Les Rendez-vous de l'Histoire de Blois étaient consacrés cette année au travail. L'offre intellectuelle ne pouvait masquer un vide sidéral : nous ne savons pas où nous allons.

Ce sont deux photos accrochées sur les grilles du Conseil départemental du Loir-et-Cher à Blois, où se tenaient du 6 au 10 octobre les Rendez-vous de l’Histoire, consacrés cette année au travail : des ouvriers debout devant le gigantesque marteau-pilon des aciéries Schneider au Creusot, une machine aux allures de monstre accroupi qui évoque le Voreux de « Germinal » ; et deux travailleurs de Renault-Billancourt, assis côte à côte dans la bibliothèque du comité d’entreprise, l’un feuilletant une revue, l’autre plongé dans un gros livre sur l’Egypte ancienne.

Elles résument le chemin parcouru au prix d’innombrables luttes et sacrifices, pour que les salariés accèdent à un temps « à eux », qui ne soit pas consacré seulement à produire des marchandises et reconstituer leur force physique. Mais de telles images appartiennent à un passé révolu. L’usine comme la mine ne sont plus guère, du moins dans notre vieille Europe, l’endroit où l’on affronte une tâche prométhéenne, où se tissent les solidarités. Les « conventions collectives » liées au lieu de l’emploi cèdent la place à des droits attachés à la personne qui la suivront toute sa vie, a résumé Maryse Dumas : elle fut longtemps à la direction de la CGT et tente aujourd’hui, au sein de l’Institut d’histoire sociale (IHS) de ce syndicat jadis « courroie de transmission » du PCF, d’esquisser le futur du syndicalisme dans un monde plus que jamais incertain.
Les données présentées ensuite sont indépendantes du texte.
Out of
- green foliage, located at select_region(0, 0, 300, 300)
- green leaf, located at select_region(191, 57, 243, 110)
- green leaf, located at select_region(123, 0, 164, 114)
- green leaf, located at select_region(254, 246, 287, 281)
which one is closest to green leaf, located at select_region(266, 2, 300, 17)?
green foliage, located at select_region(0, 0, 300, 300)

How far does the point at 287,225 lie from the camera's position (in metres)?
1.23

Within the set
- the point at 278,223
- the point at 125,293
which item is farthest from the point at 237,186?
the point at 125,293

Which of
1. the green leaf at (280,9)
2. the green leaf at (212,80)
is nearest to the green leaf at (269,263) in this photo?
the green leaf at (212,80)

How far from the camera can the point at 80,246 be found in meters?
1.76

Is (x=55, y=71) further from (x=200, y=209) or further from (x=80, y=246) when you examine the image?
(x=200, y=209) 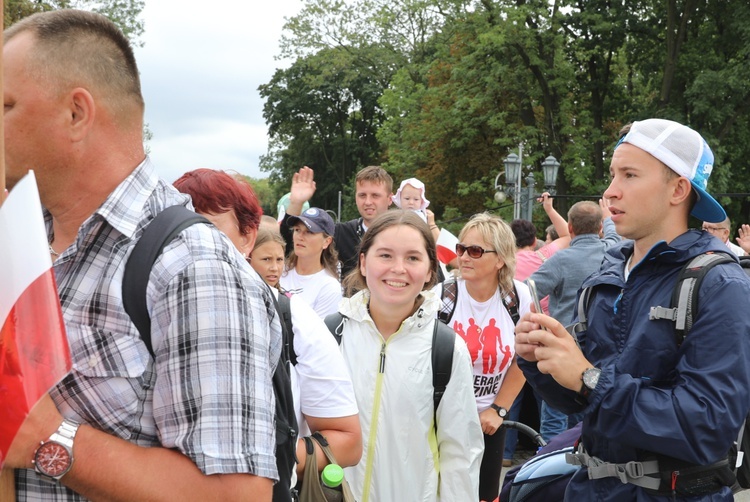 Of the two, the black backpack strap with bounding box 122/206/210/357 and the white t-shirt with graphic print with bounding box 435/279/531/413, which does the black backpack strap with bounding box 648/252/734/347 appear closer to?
the black backpack strap with bounding box 122/206/210/357

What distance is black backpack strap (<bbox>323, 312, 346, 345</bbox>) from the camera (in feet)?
12.2

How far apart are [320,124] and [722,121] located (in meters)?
32.9

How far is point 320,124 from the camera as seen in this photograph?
51.6 m

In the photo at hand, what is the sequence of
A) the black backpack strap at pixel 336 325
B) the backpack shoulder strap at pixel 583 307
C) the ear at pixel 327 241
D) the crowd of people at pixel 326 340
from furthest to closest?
the ear at pixel 327 241 → the black backpack strap at pixel 336 325 → the backpack shoulder strap at pixel 583 307 → the crowd of people at pixel 326 340

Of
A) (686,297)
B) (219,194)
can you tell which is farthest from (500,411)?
(219,194)

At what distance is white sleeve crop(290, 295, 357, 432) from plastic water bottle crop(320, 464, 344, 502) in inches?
8.4

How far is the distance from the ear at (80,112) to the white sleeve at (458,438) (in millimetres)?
2267

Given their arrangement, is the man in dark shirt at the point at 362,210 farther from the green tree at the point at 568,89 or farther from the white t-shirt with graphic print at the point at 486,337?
the green tree at the point at 568,89

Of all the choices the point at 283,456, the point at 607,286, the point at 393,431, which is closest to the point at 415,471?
the point at 393,431

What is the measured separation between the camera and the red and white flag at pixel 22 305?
1.28 meters

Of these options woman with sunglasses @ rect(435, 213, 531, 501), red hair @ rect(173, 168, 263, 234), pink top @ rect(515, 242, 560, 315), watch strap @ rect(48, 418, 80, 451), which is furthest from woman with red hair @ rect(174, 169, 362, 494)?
pink top @ rect(515, 242, 560, 315)

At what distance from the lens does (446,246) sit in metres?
7.33

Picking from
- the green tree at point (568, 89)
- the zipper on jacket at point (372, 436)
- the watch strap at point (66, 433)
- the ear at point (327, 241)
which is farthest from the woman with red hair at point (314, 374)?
the green tree at point (568, 89)

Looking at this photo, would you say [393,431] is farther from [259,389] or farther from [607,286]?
[259,389] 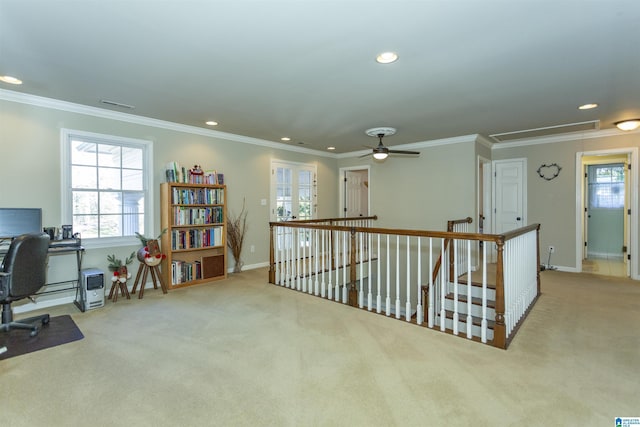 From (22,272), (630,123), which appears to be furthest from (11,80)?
(630,123)

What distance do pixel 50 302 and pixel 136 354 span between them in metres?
2.15

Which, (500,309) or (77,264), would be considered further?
(77,264)

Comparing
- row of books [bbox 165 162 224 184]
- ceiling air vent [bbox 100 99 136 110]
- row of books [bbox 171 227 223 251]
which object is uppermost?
ceiling air vent [bbox 100 99 136 110]

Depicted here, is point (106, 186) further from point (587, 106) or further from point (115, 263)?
point (587, 106)

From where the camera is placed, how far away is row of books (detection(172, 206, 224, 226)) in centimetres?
455

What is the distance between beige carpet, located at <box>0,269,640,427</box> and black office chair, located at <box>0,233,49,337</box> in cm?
55

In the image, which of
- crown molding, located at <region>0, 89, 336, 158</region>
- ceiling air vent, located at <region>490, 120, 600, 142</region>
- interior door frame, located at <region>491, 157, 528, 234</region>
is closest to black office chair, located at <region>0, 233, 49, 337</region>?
crown molding, located at <region>0, 89, 336, 158</region>

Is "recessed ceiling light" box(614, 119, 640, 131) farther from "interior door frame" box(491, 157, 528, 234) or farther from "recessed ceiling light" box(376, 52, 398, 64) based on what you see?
"recessed ceiling light" box(376, 52, 398, 64)

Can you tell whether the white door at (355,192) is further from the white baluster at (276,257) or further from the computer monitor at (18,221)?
the computer monitor at (18,221)

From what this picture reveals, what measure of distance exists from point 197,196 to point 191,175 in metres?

L’éclatement des parcours professionnels 

Car il a éclaté sous les coups de boutoir de la mondialisation, les parcours professionnels sont fragmentés, l’ubérisation individualise à l’extrême, la notation se généralise et le « sens du travail » qui était source de fierté, en tout cas d’identité (« On était sidérurgiste dans le ventre de sa mère » disait à la fin des années 1970 un manifestant contre les fermetures d’usines à Valenciennes), s’est largement perdu. « Cela n’a jamais été aussi dramatique : à la Poste il y a eu 2 200 démissions l’an dernier » constatait à Blois le secrétaire général de la CGT, Philippe Martinez. Lui est issu de ce lieu mythique entre tous au Panthéon de la mémoire ouvrière, Renault, et d’une famille républicaine espagnole. Mais depuis trente ans les grandes entreprises hexagonales ont été pour la plupart démantelées, vendues à la découpe ou transplantées sous des cieux plus cléments aux investisseurs.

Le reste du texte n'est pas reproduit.